Rather than a standard teen romance, Crazy, Stupid, Love is a more mature translation of the trials of love, portraying both young people and adults as they explore the romantic landscape. This ensemble storyline feels really refreshing, reminiscent of the Shakespeare comedies As You Like It and A Midsummer Night’s Dream in the construction of the romance plot. The pursuit of unrequited love and the challenges between familiar lovers are common narratives. However, it comes as no surprise that the comedy is so strong, largely thanks to the involvement of Steve Carell, an actor renowned for his comic roles.
As well as being a producer on the film, Carell plays one of the principal characters, Cal, starring alongside Julianne Moore as his wife Emily. Together they create a realistic portrayal of a troubled relationship. Their chemistry as parents trying to figure out how to fix things is something many can connect to. The real heart of the film comes through in the relationship between Cal and Ryan Gosling’s character Jacob, who tries to lift Cal’s spirits and help him reinvent himself. They are an unlikely pairing, but Gosling fully embraces the role and transforms what could potentially be an unlikeable, sleazy character into one we love to watch. Cal and Jacob represent opposite ends of the masculine spectrum, at risk of being caricatures; as we see their relationship build and both characters grow, we recognise the depth and humanity that they share.
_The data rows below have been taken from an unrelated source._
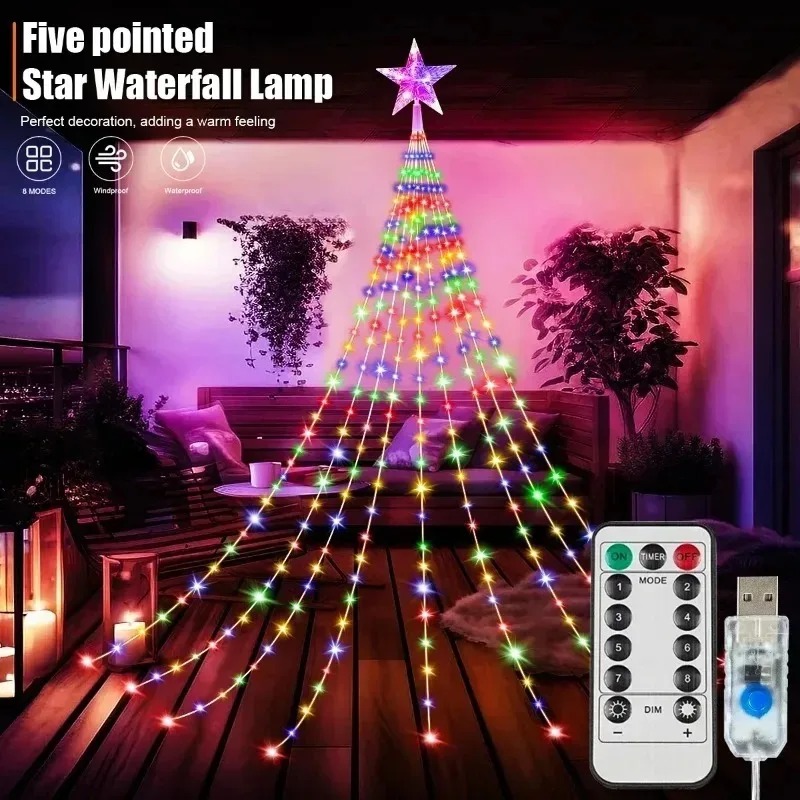 USB Powered 200LED Star Waterf - огляд і ціна Xmas Outdoor Lighting Decorations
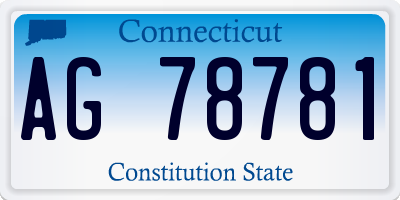 CT license plate AG78781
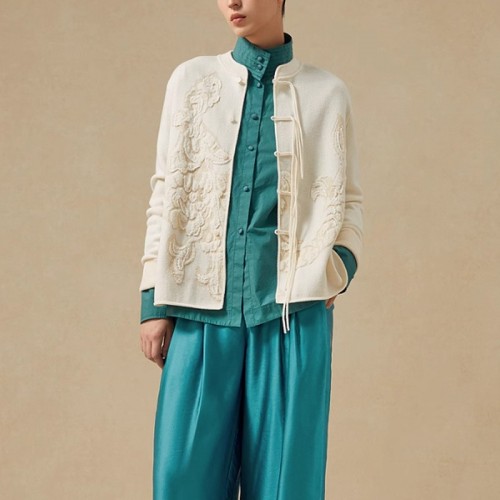 新中式國風盤扣毛衣外套女春秋2024新款寬松顯瘦長袖針織上衣女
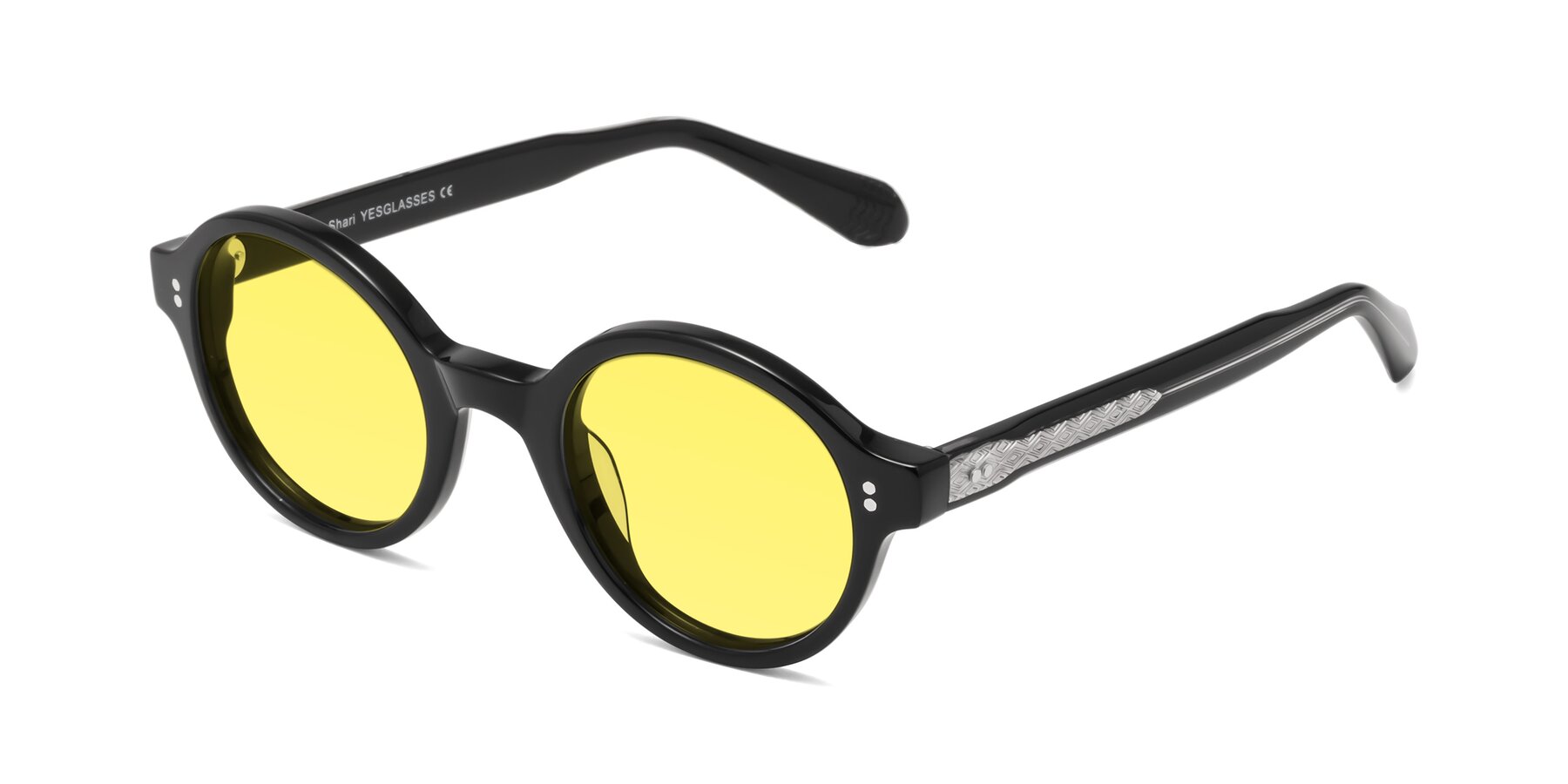 Angle of Shari in Black with Medium Yellow Tinted Lenses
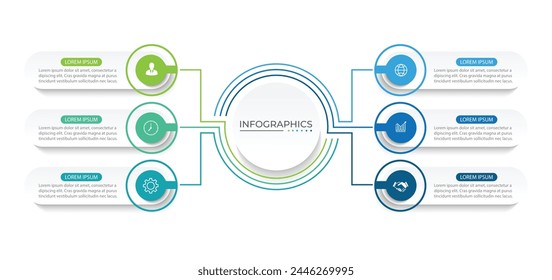 Plantilla infográfica moderna. Diseño de elementos de círculo creativo con iconos de marketing. Concepto de negocio con 6 opciones
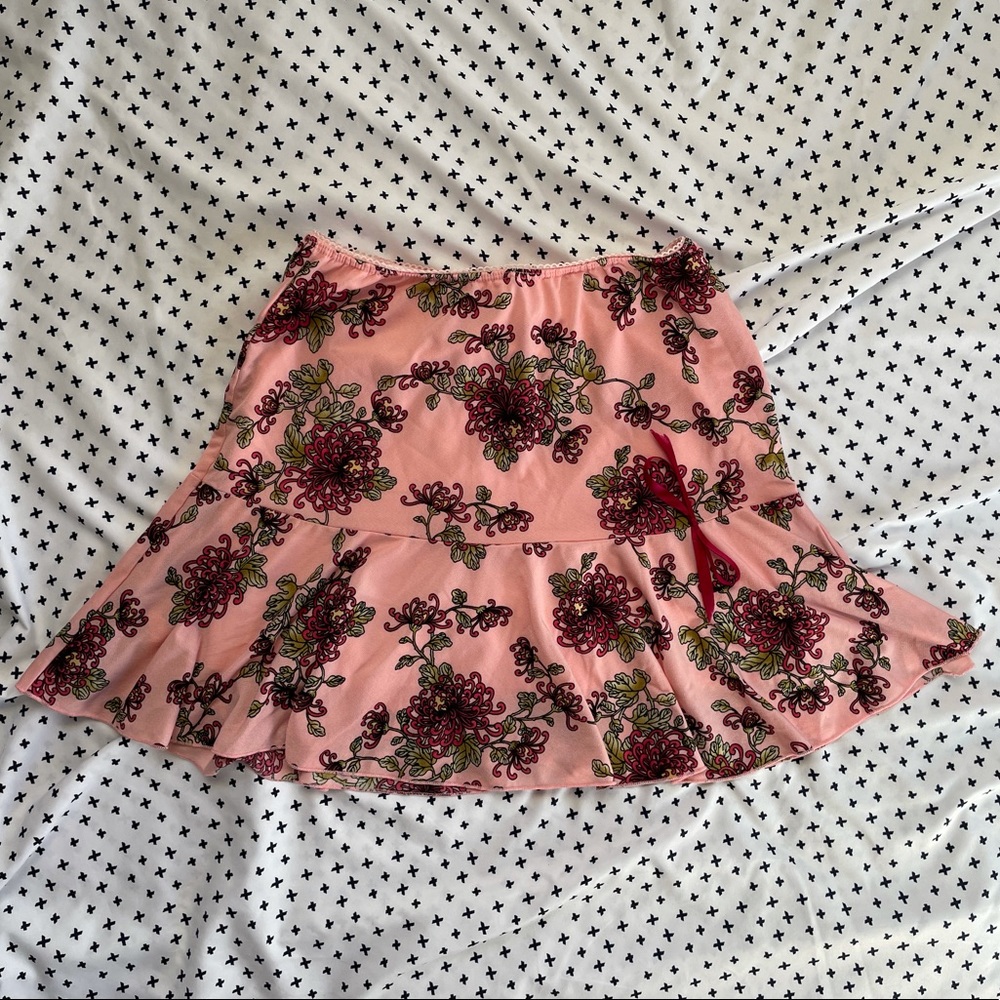 Pink floral flippy skirt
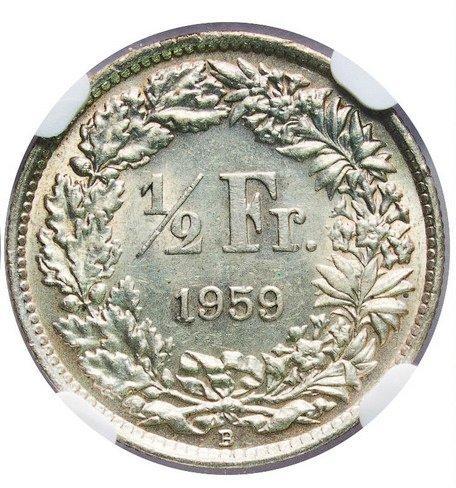 Zwitserland, Bern 1/2 Franc 1959 - NGC MS62, Postzegels en Munten, Munten | Europa | Niet-Euromunten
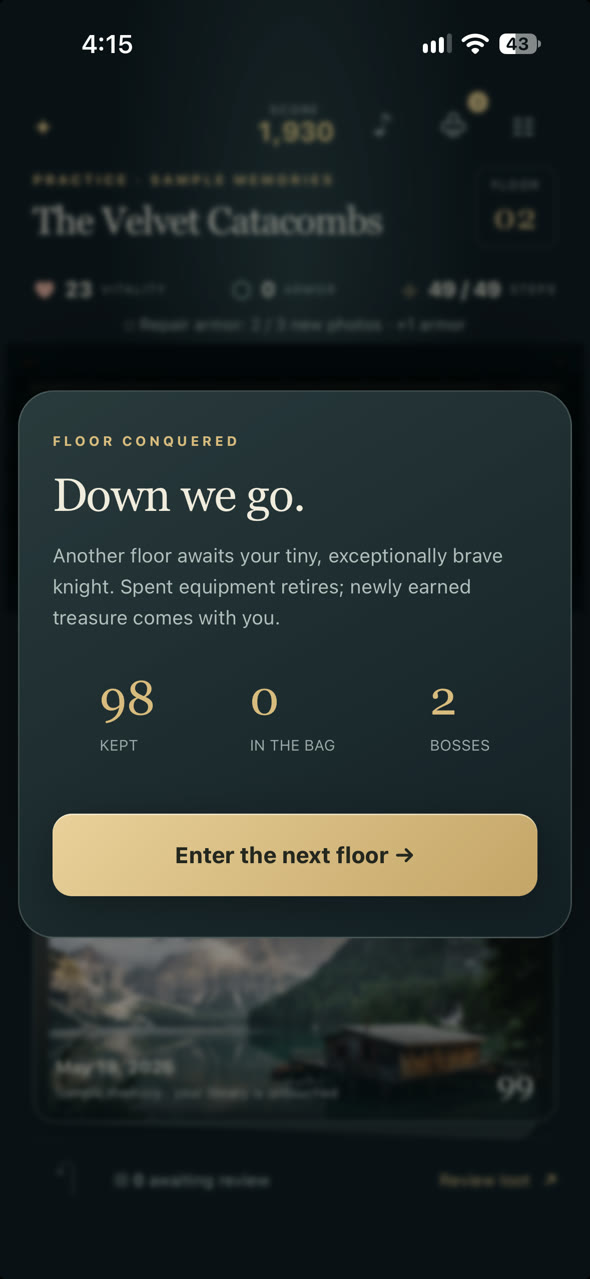 PhotoCrawl’s Floor Conquered screen after a practice adventure, showing 98 memories kept and two bosses defeated.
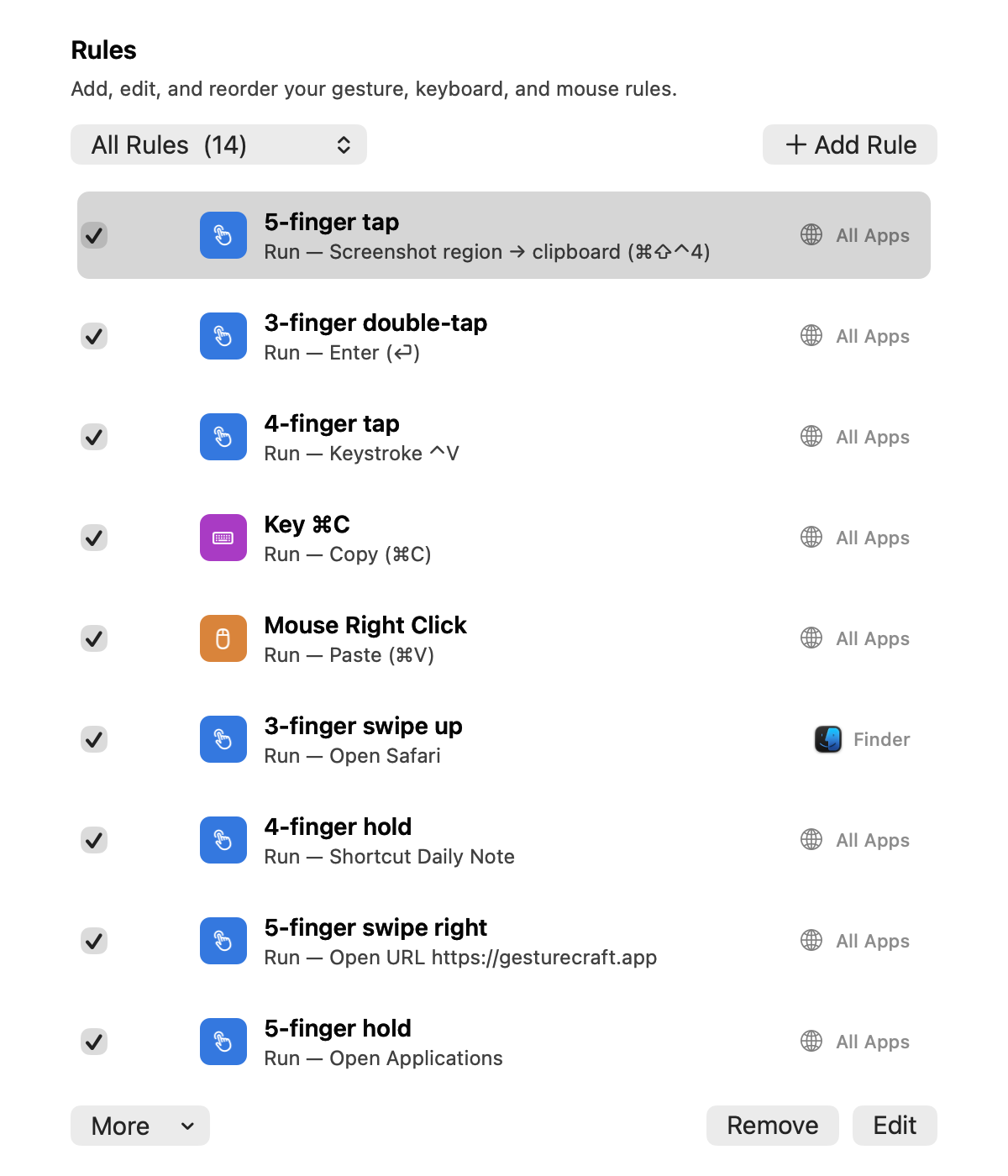 The GestureCraft Rules window: a list of rules, each showing its trackpad gesture or key, the action it runs, and the app it applies to.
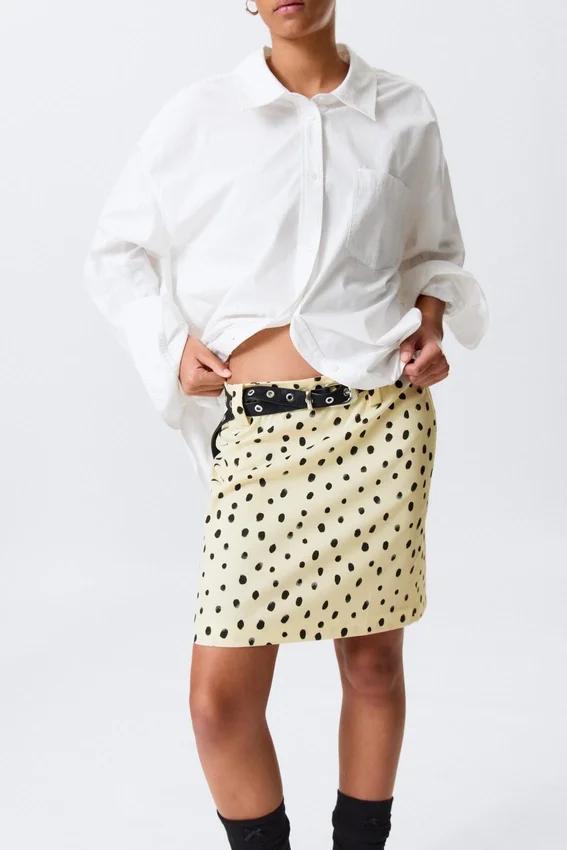 Low Rise Midi Skirt – Light Yellow – Dots Low Rise Midi Skirt – Light Yellow – Dots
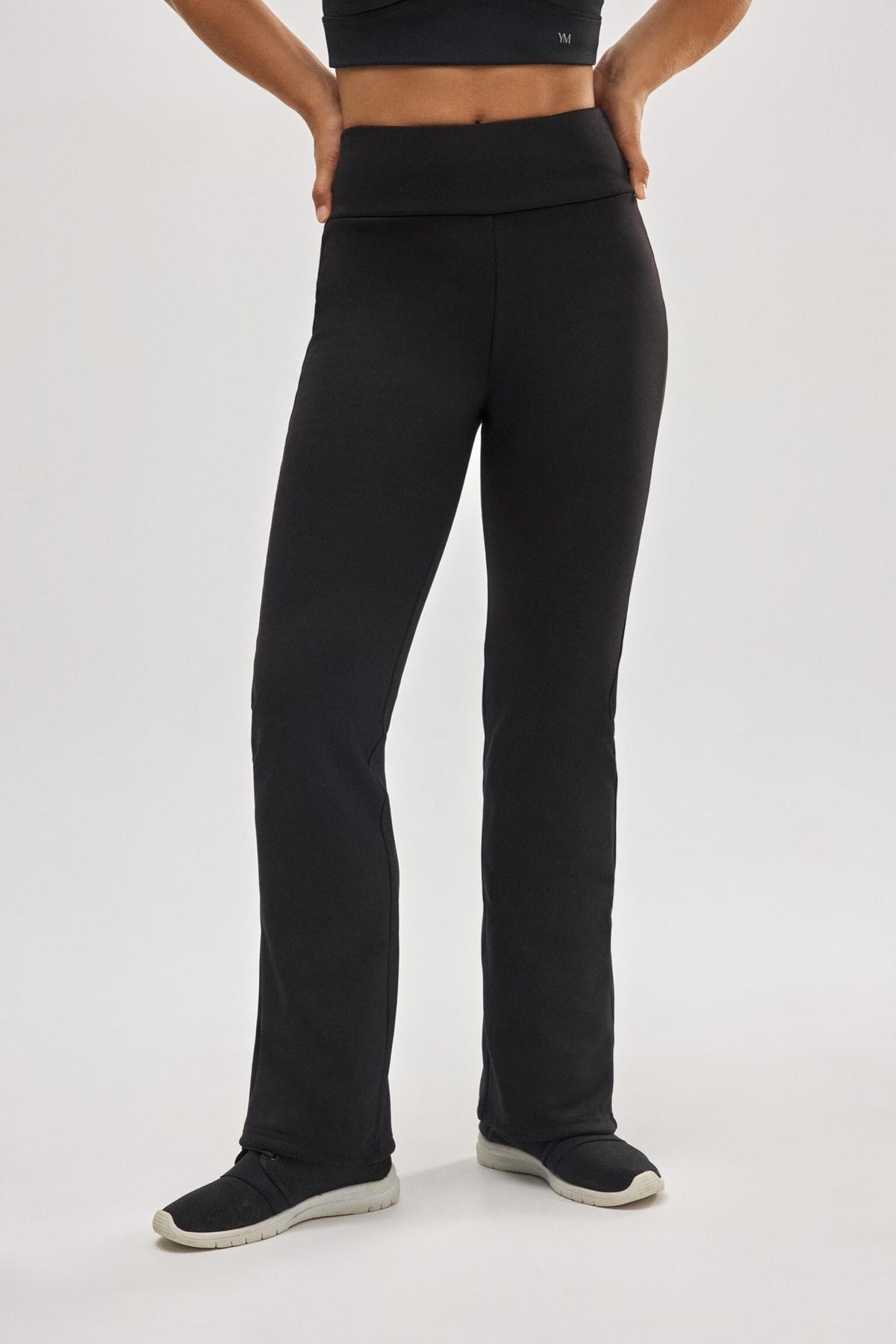 ULTRA TÉRMICO Leggings flare estilo deportivo afelpado polar negro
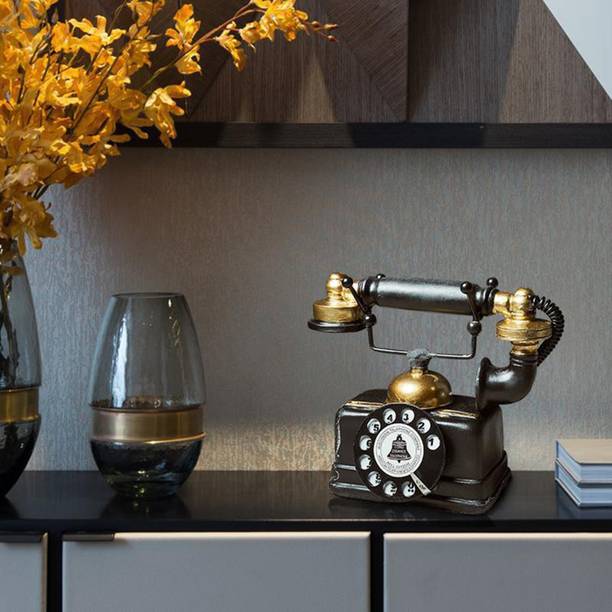 Flenzy European Retro Telephone Decorative Showpiece  -  16 cm
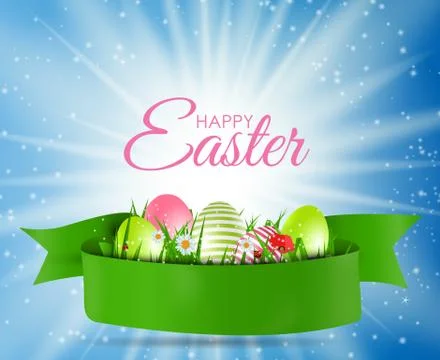 Happy Easter Natural Background with Eggs, grass, flower. Vector Illustration Illustrazione stock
Crazy, Stupid, Love could have been very monotone film in that, were the comedy not to evolve throughout film, there would be little room for the characters to develop. It does the opposite of that. The tone shifts in each scene, with the characters given opportunity to navigate their own narrative. Possibly the best example of this is the pivotal scene where Cal attempts to recreate his first date with Emily and recapture the initial romance. The tone seemingly shifts with every line and movement, signalling the colliding of multiple personal narratives. There is a huge amount of humour in the scene, but this is undercut and bought back into the ‘real’ world with the tragedy of what feels like a permanent impasse in everyone’s relationships. The audience is hit hard, and for a time this becomes a quite sad experience, but the ending more makes up for this – with credit in part to Jonah Bobo’s performance as Cal and Emily’s son Robbie – marking many characters’ respective redemptions.
What comes through most for me is the feel-good aspect of the film. There is something for everyone in the story, whether you are an older parent or a young teen going through puberty. It feels like a dialled-up version of real life. Crazy, Stupid, Love provides the perfect escape to a cinematic world, something that I would be happy to see more people appreciate.